Bagi masyarakat Bali, Sate Lilit menjadi simbol kejantanan seorang pria, loh. Karena kuliner ini hanya boleh dibuat oleh kaum pria, mulai dari pengolahan adonan hingga proses pembakaran. Hingga berkembang istilah bahwa pria yang tidak bisa membuat Sate LIlit, akan dipertanyakan kejantanannya.

Bagi masyarakat Bali, Sate Lilit menjadi simbol kejantanan seorang pria, loh. (Foto : pikiran-rakyat)

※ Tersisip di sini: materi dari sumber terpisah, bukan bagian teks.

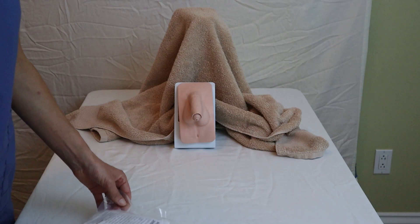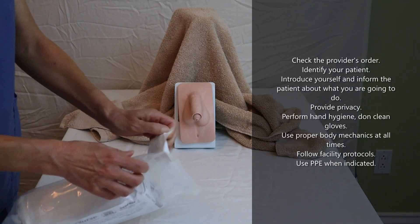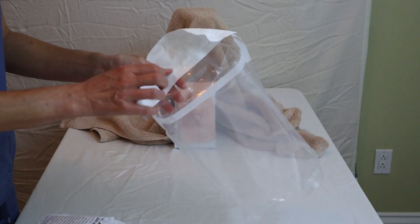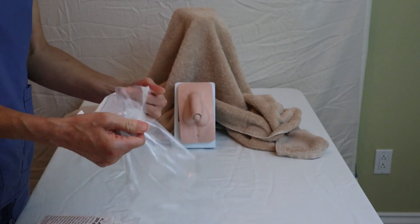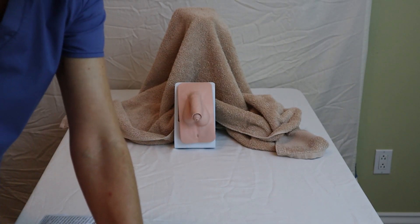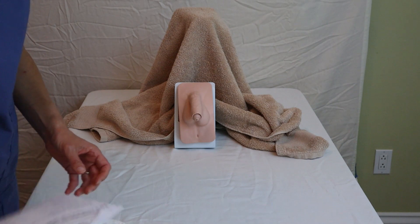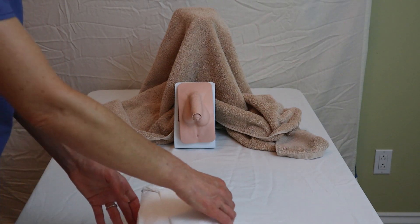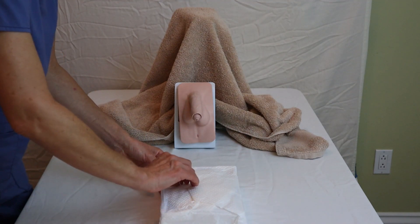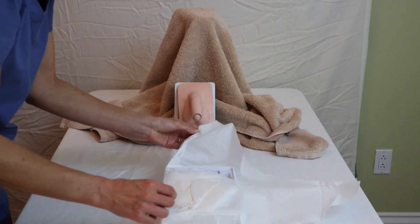To get started, we perform hand hygiene and then open up our package. This plastic bag that the package comes with can serve as a little trash bag — place it at the back of your bed so you don't have to reach across the sterile field. Remember that you always want to start by opening up your sterile field box by opening the package away from you, then opening each side.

Di masa lalu, Sate Lilit hanya disajikan dalam upacara keagamaan. Kuliner ini menjadi hidangan yang wajib ada sebagai persembahan dan penghormatan kepada para dewa. Dalam upacara keagamaan ini, biasanya disajikan puluhan hingga ratusan sate lilit. Karena pengolahannya melibatkan banyak kaum pria, kuliner yang satu ini juga menjadi lambang persatuan masyarakat Bali.

Eits! Tapi lo enggak perlu menunggu upacara keagamaan untuk menikmati sate lezat ini. Karena seiring perkembangan zaman, Sate Lilit pun mulai banyak ditemukan di warung makan hingga restoran.

Tidak seperti sate pada umumnya, Sate Lilit punya keunikan tersendiri, Gaes. Sate ini bukan terdiri dari potongan daging berukuran kecil, melainkan daging cincang. Daging cincang ini lalu dicampur dengan berbagai rempah mulai dari bawang merah, bawang putih, kunyit, ketumbar, merica, jeruk nipis, cabe keriting, kencur, kemiri, santan, serta parutan kelapa.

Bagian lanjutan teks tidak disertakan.